Connect CDC (SQData) provides several methods for handling both source and target data exceptions. The objective is to provide the means to maintain continuous operation in spite of exceptions encountered, while providing an appropriate level of notification regarding the nature and severity of the exception. Options exist to ensure that data is not lost and the provide the means to recover with minimal impact. The most common type are source data exceptions caused literally by bad data allowed by business applications or interfaces to be stored in a source datastore. Target exceptions are generally environmental in nature and most often occur when a change made in the target environment has not been accommodated by an Engine script or when a resource in the target environment is unavailable.
Source exceptions
Connect CDC (SQData) is designed to ensure that bad data is not propagated to any target datastores. The developer of the script is responsible for detecting conditionally invalid data and determining how this type of exception will be handled using the tools provided. There are three basic bad data conditions, two of which an Apply Engine can detect on its own and one that must be considered when designing an Apply Engine script:
Invalid Data - Source data does not match the type and format of Data Description
Some types of non-relational datastores, notably IMS, VSAM and flat files leave the validation of data type and format up to the application. Consequently programmers have accidentally or intentionally allowed data that would normally be considered invalid, such as character data in a numeric field to be stored. Usually this was do to an error in programming but sometimes a field may serve subtle dual purposes depending on some other logical data condition.

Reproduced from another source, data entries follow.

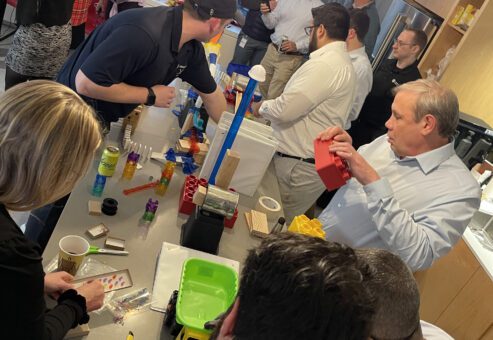 Group of participants collaborating and constructing complex devices during the Domino Effect team building event.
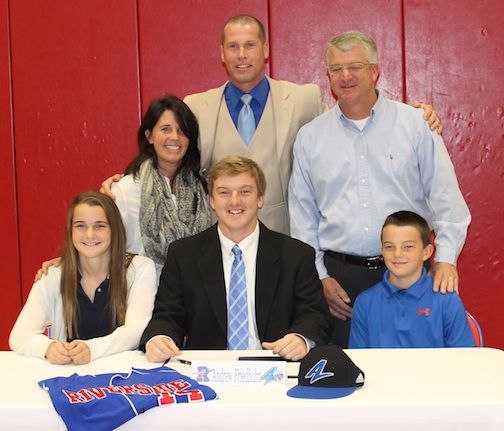 Baseball coach Travis Pitman joins Andrew Friedholm and his family during the signing ceremony.
 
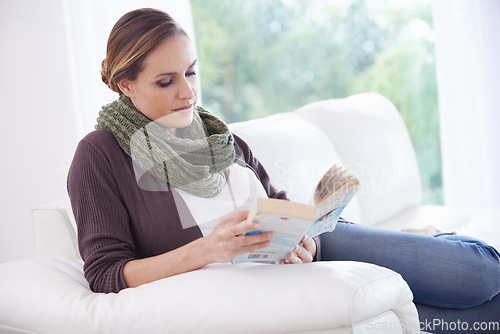 Image of Woman, book and reading on sofa to relax for story, novel and learning knowledge in living room at home. Lady, fiction books and break for studying literature, hobby or comfortable on couch in lounge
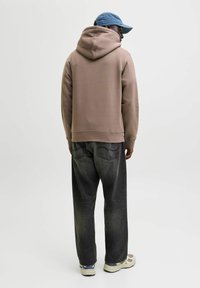 Φούτερ με κουκούλα σε ανοιχτό καφέ χρώμα, από μείγμα βαμβακιού με ριμπ μανσέτες· συνδυασμένο με φαρδιά, ξεθωριασμένα μαύρα τζιν και μπεζ αθλητικά παπούτσια. Ανοιχτά μπλε καπέλο φορεμένο ανάποδα.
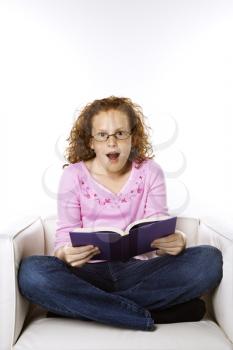 Royalty Free Photo of a Little Girl Sitting and Reading Book Looking Surprised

COBOL redefines of group data structures and fields are a common cause of such errors, particularly in IMS databases. Relational datastores can appear to exhibit a similar problem, however, rather than bad data it will be caused by using out of date DDL to describe a table, which should never happen in the production environment. The Apply engine will detect Invalid Data conditions and instantly terminate before the Source datastore record is made accessible to the mapping and processing logic in the Apply Engine script.
Undefined Data - Source data does not match the structure of Data Description
All source datastores provide some means of describing the structure of the data they contain. If the Apply Engine script is not told of all possible source data structures, it will necessarily fail when one is encountered. This type of error is generally introduced when the script is designed and corrected during testing. It can however, be encountered when a new structure is introduced by an application and Apply Engine scripts have not been subsequently updated. The Apply Engine will also detect this condition and terminate before the Source datastore record is made accessible to the mapping and processing logic in the script.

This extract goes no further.